2. The method for monitoring the operation status of enterprise production intelligent equipment according to claim 1, characterized in that: The stage deviation ratio Pc is obtained as follows: Based on the number of defective products at each production stage, obtain the target range of defective products at each stage; Subtract the number of defective products in each production stage from the two endpoints of the defective product target range in each stage and take the absolute value, and mark the minimum value obtained as the stage defective product difference; The stage defective difference is processed by ratio with the length of the defective target range to obtain the stage deviation ratio, which is marked as Pc; The method for obtaining the defective rate Cp in the above stage is: Obtain the total number of products manufactured in each production stage during the monitoring period, and calculate the ratio of the number of defective products to the total number of products to obtain the stage defective rate, which is marked as Cp.

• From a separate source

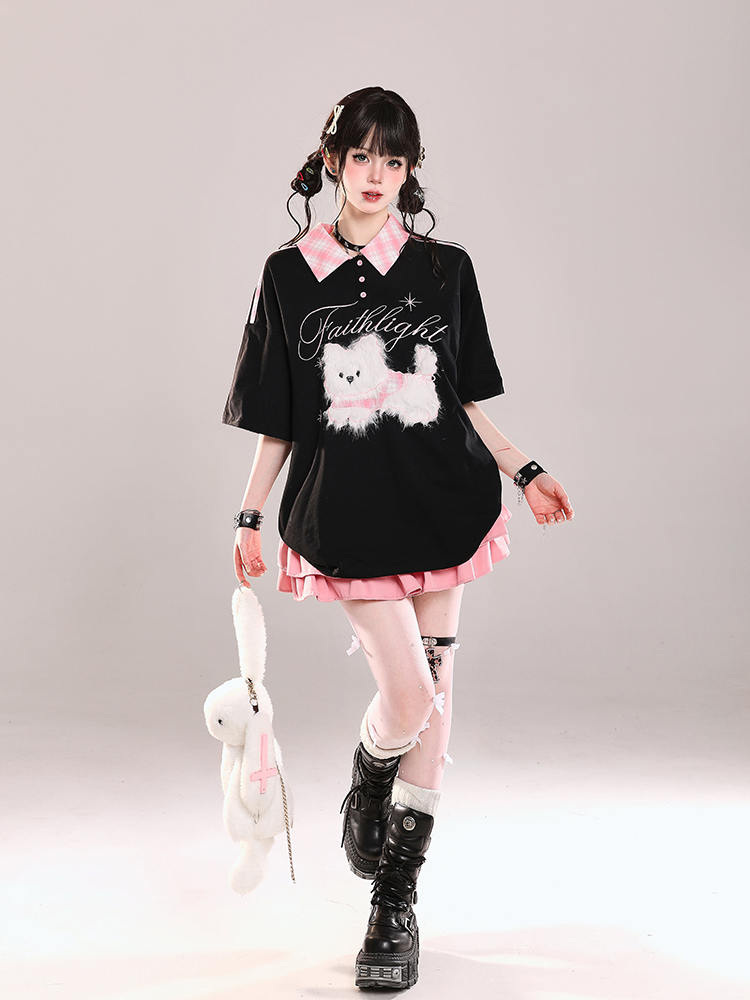 Cute Cartoon Embroidered Plush Puppy Polo Shirt - Short Sleeve T-Shirt for Girls, Summer Sweet Lazy Style, Casual Top Cute Cartoon Embroidered Plush Puppy Polo Shirt - Short Sleeve T-Shirt for Girls, Summer Sweet Lazy Style, Casual Top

3. The method for monitoring the operation status of enterprise production intelligent equipment according to claim 1, characterized in that: The linear variance Xf is obtained as follows: Put the linear parameter differences of all sub-curve segments into the data set as elements, calculate the variance of the elements in the data set, obtain the linear variance, and mark the linear variance as Xf; The linear threshold ratio Xb is obtained as follows: Obtain the linear parameter differences of all sub-curve segments, sum and average the linear parameter differences of all sub-curve segments, and obtain the linear difference mean; The linear difference mean is processed with the linear difference threshold to obtain the linear threshold difference, and the linear threshold difference is processed with the linear difference threshold to obtain the linear threshold ratio, which is marked as Xb.

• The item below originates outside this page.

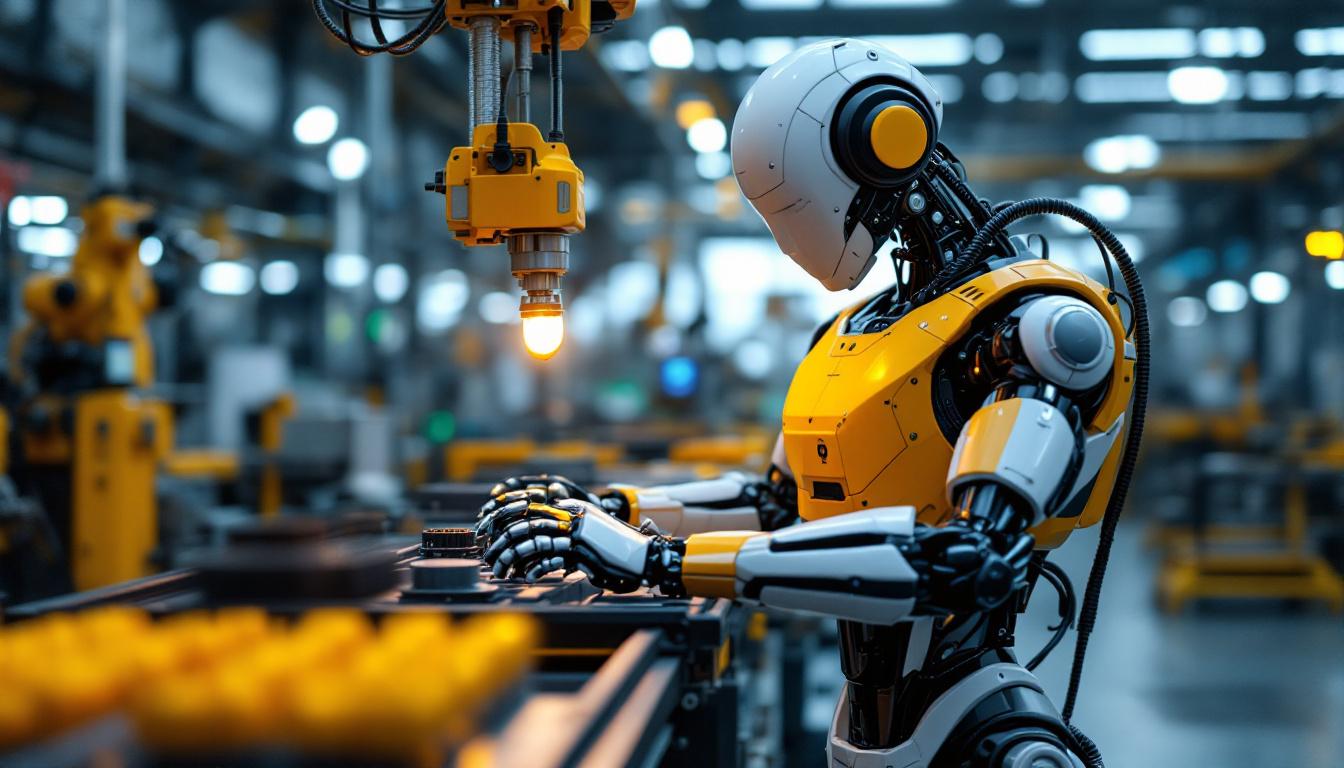 A photograph of a sleek industrial robot in action within a manufacturing environment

4. The method for monitoring the operation status of enterprise production intelligent equipment according to claim 3, characterized in that: The linear parameter difference is obtained as follows: Obtain the state anomaly ratios of different monitoring periods, and draw a change curve of the period-state anomaly ratio in a two-dimensional rectangular coordinate system; Connect the two end points of the change curve of the cycle-state anomaly ratio to obtain a linear reference line, and divide the change curve into multiple curve segments to obtain sub-curve segments; Obtain the state anomaly ratio of the sub-curve segment, perform summation and mean processing on the state anomaly ratio of the sub-curve segment, and obtain the curve segment anomaly mean; Draw a straight line parallel to the Y axis with the curve anomaly mean, and obtain the state anomaly ratio corresponding to the intersection of the straight line and the linear reference line; The difference between the segment anomaly mean and the state anomaly ratio is taken and the absolute value is taken to obtain the linear parameter difference.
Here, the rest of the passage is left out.